Porque Ascenso y caída..., estrenada en 1930, fue una milimetrada profecía de un tiempo que llegaría y de un lugar construido en un desértico espacio como el que describía Brecht: Las Vegas. El libreto era una metáfora, pero la ciudad real que se levantó con el dinero del juego, la prostitución y los corruptos se convirtió con los años en un modelo urbanístico y social implantado en todo el mundo que llegó a ser paradigma estético de la posmodernidad. El Mahagonny de la Fura habla de la implantación de ese espíritu desde el comienzo. En lugar del manido desierto de la obra original, sitúa la ciudad de la perdición sobre un vertedero que va creciendo a medida que avanza la obra. "Buscábamos un universo capaz de conmover al público de hoy. El libreto trata sobre la filosofía del capitalismo y su fracaso. Es un lugar donde no se puede construir, y un vertedero es un sitio podrido que se hunde. Todo sucede en medio de la mierda, pero nadie nota que huela mal", explicaba Alfons Flores, autor de la brillante escenografía, antes del estreno.
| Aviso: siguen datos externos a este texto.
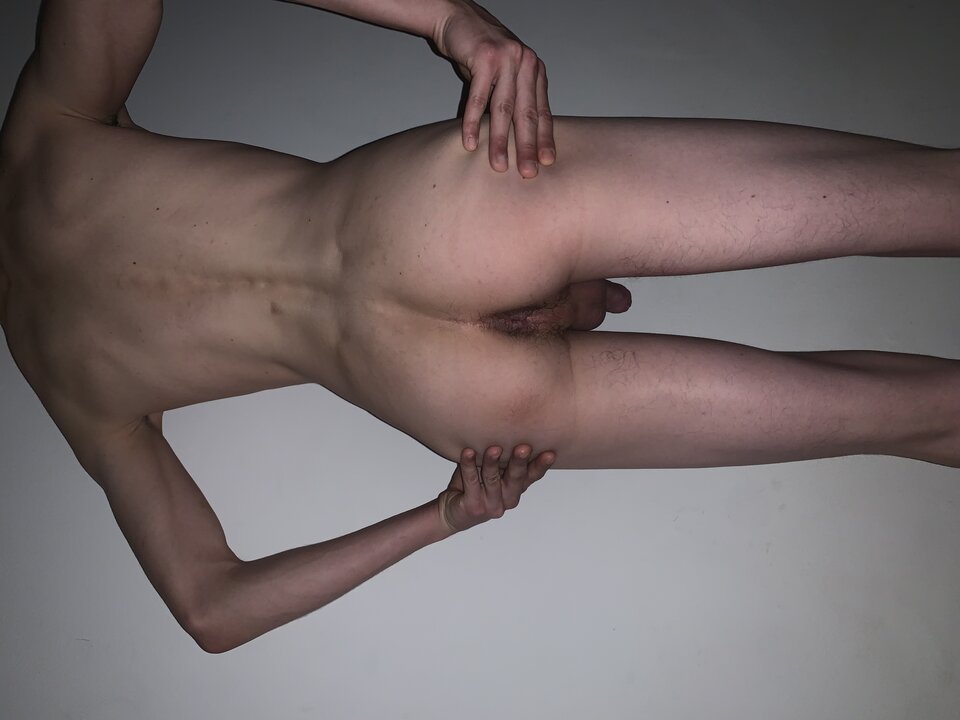 IMG_0064.jpeg - Daroo6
Esta vez, comandando el foso estuvo el griego Teodor Currentzis, uno de los nuevos protegidos de Mortier. Un tipo relativamente joven (39 años) que dice que estudió la partitura de Weill este verano en la playa. Dirige sin batuta y azota el aire con una imponente violencia que se manifestaba en sintonía con el argumento de la obra, un sentimiento algo cercano a Alban Berg, dice él. El público del Bolshói, donde ya ha dirigido tres veces, le ama.
"Esta pieza es una manifestación en el centro mismo de la vida burguesa. Un público que tradicionalmente bebe champán, lleva joyas... y ¡zas!, de repente toda esa basura", explica. Se vieron anoche pocos abalorios, la verdad. Más bien auténticos aficionados que, dicen, irán desapareciendo cuando suba el precio de las entradas con la inauguración del nuevo teatro (la reforma ha costado unos 600 millones de euros).
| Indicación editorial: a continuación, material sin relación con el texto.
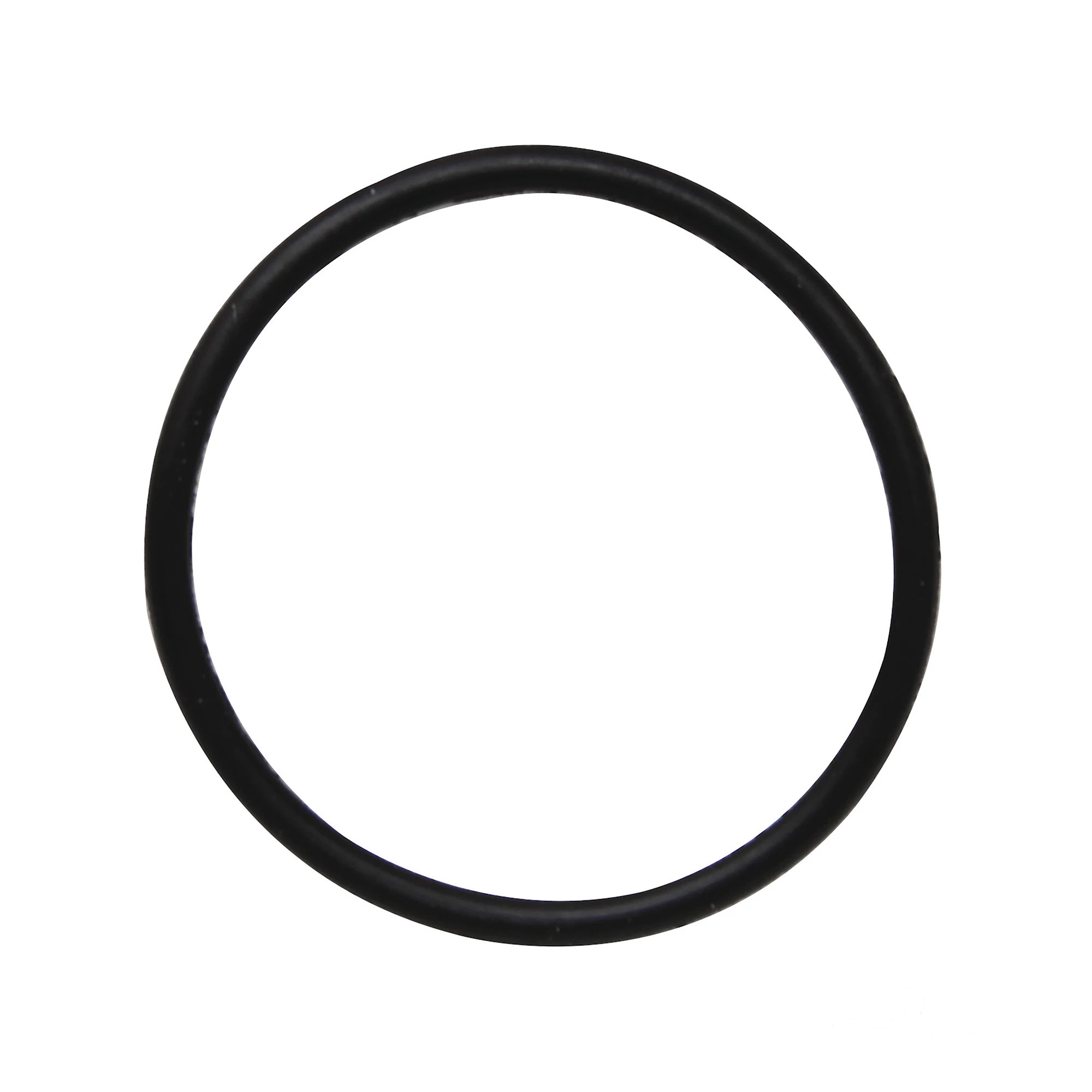 John Deere O-Ring - T106369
La producción española abría la temporada del Bolshói, un acontecimiento. Y faltaba ver si la basura higiénica de la Fura perturbaba el olfato de Moscú, el lugar con más mil millonarios del mundo. La obra ofrece una visión crítica de una sociedad que comparte algunos valores y principios con la ciudad en la que anoche se representó. Eso adornaba el estreno de un cierto morbo. Era la indisimulada idea del Bolshói: sacudir. Pese a que le ha costado algún enfrentamiento con el Parlamento y el público conservador, esa es la línea que ha elegido el director del teatro ruso, Anatoli Iksanov, desde la discreción que le ha otorgado trabajar en la reducida sala provisional: "Mire, el Bolshoi es una catedral, pero no un museo. El arte no se reduce a las obras clásicas. Para nosotros es muy importante plantear las preguntas que perturban, obligar a pensar". Aunque sea a través de la grandeza de la basura.